Cosmos DB for MongoDB: Tapping into Change Streams for Real-Time Integration

Understanding Change Streams

Change streams offer a continuous, ordered stream of changes occurring in a MongoDB collection (or a Cosmos DB container using the MongoDB API). They track inserts, updates, replaces, and deletes, providing your applications with real-time visibility into data modifications. This is invaluable for scenarios like:

  • Real-time Analytics and Reporting: Update dashboards and analytics systems as data changes.
  • Data Synchronization: Keep different data stores in sync by reacting to changes in real time.
  • Event-Driven Architectures: Trigger downstream processes and workflows based on data modifications.
  • Auditing and Logging: Capture a detailed history of data changes for audit trails and compliance.

Implementing Change Streams in Azure Functions

Here's how to set up a change stream within an Azure Function:

  • Prerequisites:

    • An active Azure subscription.
    • A Cosmos DB account configured with the MongoDB API.
    • An Azure Function App.
    • Install the MongoDB Driver: Use npm to install the necessary driver:
npm install mongodb

Implement the Azure Function

For this integration, we can use a Timer Trigger function. Since the MongoDB API doesn't offer a direct change feed trigger like the SQL API, the Timer Trigger provides a workaround. The function will execute at specified intervals (e.g., every 5 minutes or less) and establish a connection to MongoDB. Upon connection, it can then retrieve change stream events. This approach maintains the serverless nature of Azure Functions, as the function isn't continuously running but activates periodically to process changes.

An alternative to an Azure Function is to build a Node.js or .NET Core application and run it as a service on a VM. This provides a constantly running process for change stream monitoring, but requires managing the VM and application lifecycle.

  • Configure the Timer Trigger:

In your Azure Function's function.json, configure the timerTrigger to define the execution schedule.
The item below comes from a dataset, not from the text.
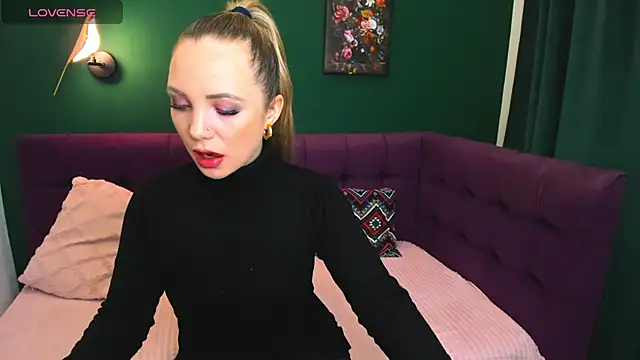 EvaMoran online show from November 2025 02:17:01 AM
The schedule expression follows the NCrontab format. For example, to trigger every 5 minutes, use */5 * * * *.

{
  "bindings": [
    {
      "name": "myTimer",
      "type": "timerTrigger",
      "direction": "in",
      "schedule": "*/5 * * * *"
    }
  ]
}

The name property specifies the name of the timer object that will be passed to your function. The schedule expression determines the frequency of execution. Adjust the schedule value as needed to control the polling interval for change stream events. More frequent polling captures changes more rapidly, but consumes more resources. Less frequent polling conserves resources, but may introduce latency in processing changes.
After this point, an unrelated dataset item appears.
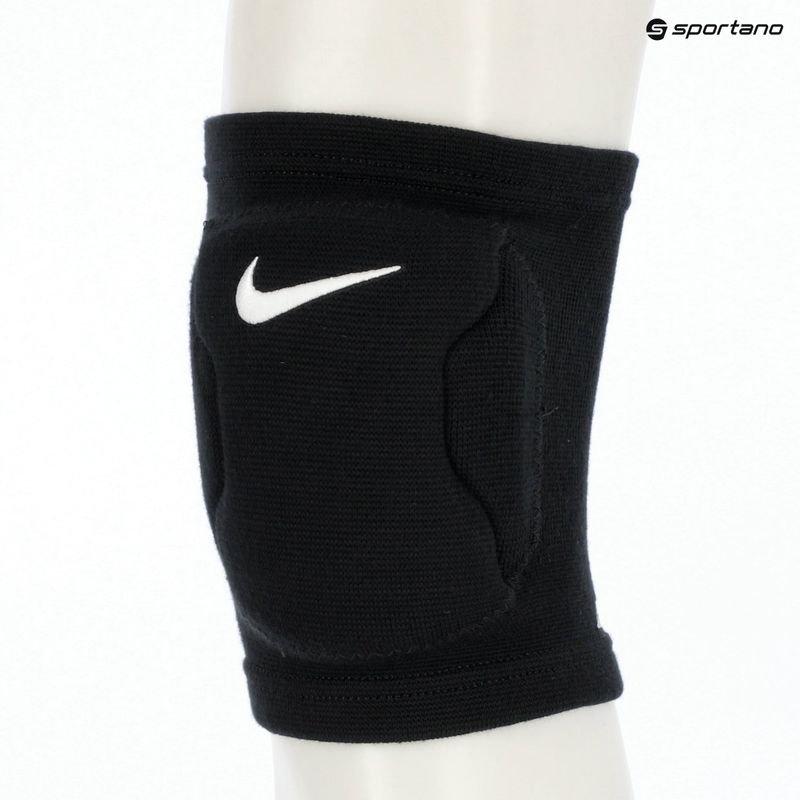 Volejbalové chrániče kolien Nike Streak čierne 4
  • Configure your app settings

    Use the local.settings.json for local development and your function settings on Azure to store the following configurations values:

{
  "IsEncrypted": false,
  "Values": {
    "FUNCTIONS_WORKER_RUNTIME": "node",
    "AzureWebJobsStorage": "<your-storage-connection-string>",
    "CosmosDBConnectionString": "mongodb://<your-cosmosdb-connection-string-from azure>",
    "CosmosDBDatabaseName": "<db-name>",
    "CosmosDBCollectionName": "<collection-name>"
  }
}

Ensure you define the AzureWebJobsStorage setting with a valid Azure Storage connection string. This is essential for the Azure Functions runtime. Furthermore, we'll use this storage account to persist the last processed change stream resume token. Each change stream record includes a token, enabling the resumption of processing from a specific point. By saving the token after each function execution, we can restart the function and continue processing new changes without duplicates. Upon restarting, the function will retrieve the stored token and resume the change stream from that point.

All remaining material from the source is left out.